I have always had a sweet tooth and I love chocolate the most. The older I get, the more I know it is important to eat healthily. And I really like healthy food, too. I love a good chef salad, I love asparagus in the hot air fryer, I like almost everything actually.
For those who don't know me, I'm a pretty normal weight, although I never weigh myself. I go by how my clothes fit, and if I feel a snugness, I'll work harder by not giving in to temptation as much and hiking instead of walking. I'm also pretty good at intermittent fasting, where 3 - 4 days a week, I have no problem not eating between 6 at night and 11 the next morning.
So sometimes, even though I feel like I'm overeating, it's probably an acceptable number of calories for that day. It's just crammed into 6 or 7 hours.
But although it may have always been true that I've eaten emotionally and I just didn't name it as such, now I KNOW that I'm eating to make myself feel better. I am at a lower level of feeling good/happy, so even that very temporary hit is doing something to make me feel normal for those moments.

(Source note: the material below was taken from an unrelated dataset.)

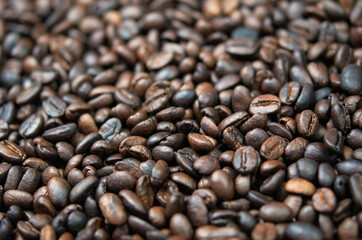 Fototapeta premium Dark roasted coffee beans close-up. Coffee background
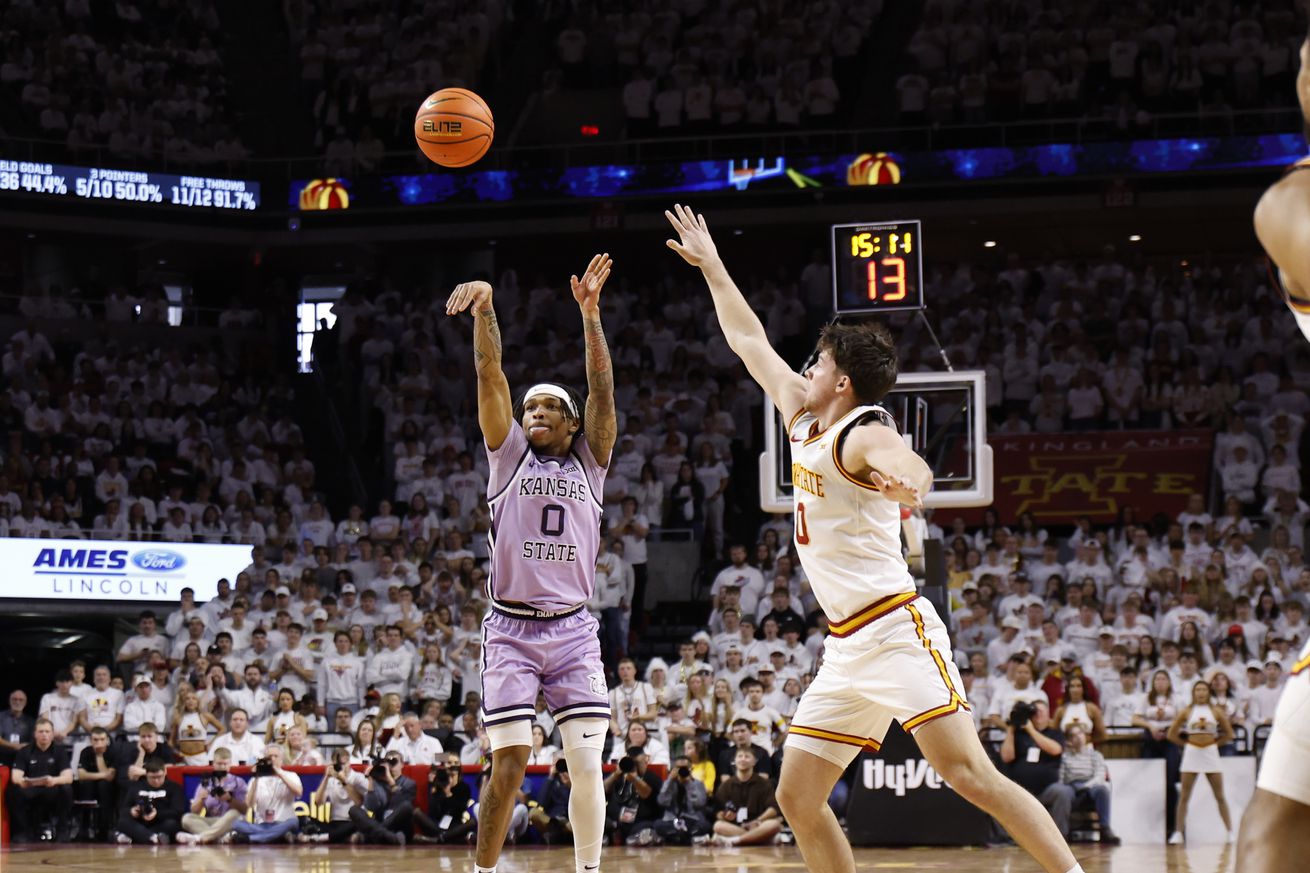 Dug McDaniel #0 of the Kansas State Wildcats takes a three-point shot as Nate Heise #0 of the Iowa State Cyclones tries for the block in the second half of play at Hilton Coliseum on February 1, 2025 in Ames, Iowa. The Kansas State Wildcats won 80-61 over the Iowa State Cyclones.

I think this is what I ate today, starting at 1030, after not eating since 530 yesterday.
I had a sausage patty and a handful of dry roasted almonds. Took the 45 minute walk.

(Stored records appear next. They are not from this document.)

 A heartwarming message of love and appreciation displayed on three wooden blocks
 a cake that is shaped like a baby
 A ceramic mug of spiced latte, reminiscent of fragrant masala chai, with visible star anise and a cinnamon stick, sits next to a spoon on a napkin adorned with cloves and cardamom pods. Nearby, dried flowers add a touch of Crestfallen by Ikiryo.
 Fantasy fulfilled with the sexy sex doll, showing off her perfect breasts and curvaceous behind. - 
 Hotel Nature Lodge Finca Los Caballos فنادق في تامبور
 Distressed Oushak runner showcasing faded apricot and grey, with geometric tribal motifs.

Had a wedge of Monterey Jack cheese.
Had a bowl of grape nuts flakes cereal
Had 2 “cuties”
Had a 1/2 handful of almonds
Had some baby carrots with ranch dressing
Had some asparagus
Had a few slices of pork loin
Had 2 egg rolls
Had 2 frozen bananas with chocolate covering.
Writing it out it doesn't seem so bad today until I got to the bananas & chocolate!
I think we've eaten any remaining junk food from what I bought on Friday. Hopefully I'll be able to stick to healthy foods for the rest of the week.
Open Thread is to write about anything you'd like, or feel free to write about if you are an emotional eater and how you handle it.
I do interment fasting as well. I drink water all day until I break the fast. I usually only eat one meal a day. I think my grandmother that lived to 105 got it right. She cooked breakfast and dinner. Dinner was lunch. Supper was sweet milk and cornbread from dinner. I often overthink many things. I think we should all relax and live the life God granted us. I feel a strange connection to you be because I had so much family and wonderful memories in Huntsville. I watch The Walton’s to quiet my mind. It works.
I ate a horrible Buckee's kolache while driving 7hrs. to the border for a suppression hearing. Your diet puts mine to shame!!